Chegou então o doze de julho em que minha vida mudaria. Abri os olhinhos cheios

de alegria. Efêmera alegria. Logo constatei que em vez de um pinto, ainda estava lá a

minha xoxota. Continuava a ser uma frágil garota. Chorei, chorei muito, seria então

essa a minha sina: estar sempre alguns passos atrás de um homem.

Nunca mais quis ver o Chico.

A minha brincadeira favorita e de meus coleguinhas no maternal era um jogo que nós

mesmos inventamos. Chamava-se Pega-beijo. Os meninos corriam atrás das meninas,

se alcançassem uma delas, essa deveria dar-lhes um beijos fugaz na boca. Selinho, era

o nome desse beijo.

Um dia, eu corria apelo parque, mas nenhum menino corria atrás de mim. Quando

passou por mim, assustada e rápida, a Camilinha. Era a queridinha da turma e filha da

diretora, a temida Tia Lídia. Atrás dela, vinham o Bruno e o Rafael, os meninos mais

bonitos da turma. Nem repararam em mim; eu, que parada, era uma presa tão fácil.

Segui-os e vi quando, detrás da casa de bonecas, cercaram a Camilinha. Ela teria

que beijá-los. Fiquei indignada: os meninos mais bonitos da turma querendo uma

única menina e ninguém atrás de mim? À medida que os meninos de aproximavam

do beijo, a indignação fora se transformando no mais profundo sentimento de

rejeição. Não sofreria aquilo sem lutar pelos meus direitos. Antes que a beijassem,

disse:

- A tia Marilda quer falar com você e com você – disse apontando para os dois

bonitinhos.

- Mentira!

- Ah é? Mentira? Então tá. Ela tá muito brava, depois não diz que eu não avisei.

Eles pensaram por um minuto naquela chantagem. O Rafael concluiu:

- Se for mentira, a gente vai bater em você.

Soltaram a Camilinha e foram procurar a Tia Marilda. A menina me agradeceu toda

aliviada - a boba tinha certeza que eu fizera aquilo por ela! – e partiu.

Fiquei ali parada, esperando a minha sentença.

Logo eles voltaram. Estavam raivosos, me bateram sem dó. Não reclamei. Apesar

da dor, agora era notada.

Meu joelho sangrando era a prova de que agora era mais deles do que qualquer

Camilinha.

Ir ao supermercado com meu pai era o meu programa predileto. Assim que

entravamos no carro, ele acendia um cigarro e começava dirigir em alta velocidade. O

cheiro da fumaça misturada com o vento entrando pela janela era a confirmação de

agora eu era a sua esposinha e estávamos indo ao supermercado cumprir nossas

obrigações domésticas.

Um dia, me distraí na sessão de biscoitos. Quando dei por mim, meu querido

paizinho havia desaparecido. Desesperada, saí a procurá-lo por aqueles enormes

corredores. Quando o achei na seção de carnes, meus olhos trasbordantes viram a

figura de um bom homem de costas, compenetrado na difícil tarefa de achar a melhor

carne para alimentar sua esposinha e o resto da família.

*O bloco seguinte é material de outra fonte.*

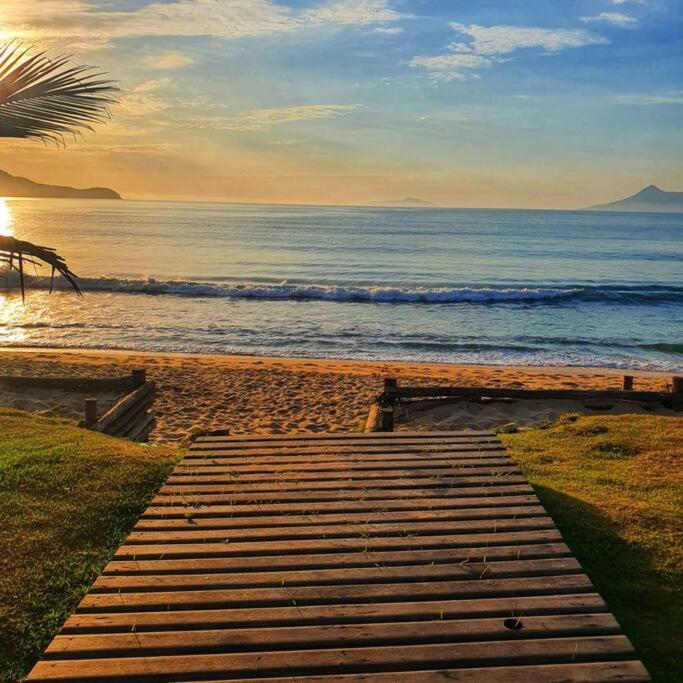 100Mts Da Praia Com Churrasqueira, Piscina E Wi-Fi คารากัวตาตูบา ภายนอก รูปภาพ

Saí correndo e abracei meu papai. Deitei meu rosto em seu bumbum, como sempre

fazia, e disse, “Papai, te amo tanto” Estava dominada pelo maior amor do mundo.

Aquele homem, assim como naquele dia, nunca sumiria de mim. Sempre estaria em

algum lugar me esperando e eu sempre sairia correndo e diria “te amo tanto”. Assim,

seria sempre feliz, estaria sempre protegida.

Quando ele se virou e vi seu rosto, fiquei horrorizada. Não era papai que eu

abraçava. Era um homem qualquer. Um homem que ria de mim. Pude confundir o

papai, isso não fazia sentido. Papai é inconfundível! É único, é o meu pai e eu, sua

esposinha.

Voltei para casa muda. Nada de biscoitos nem tagarelices. Alguma coisa tentava

fazer sentido naquela cabecinha.

Então, qualquer homem do mundo que esteja em uma seção de supermercado, eu

poderia abraçar e dizer “te amo tanto”? E nesse abraço, sentir coisas que só sentira

abraçando papai? Qualquer homem poderia me fazer sentir protegida?

Coitado! Será que o papai sabe disso?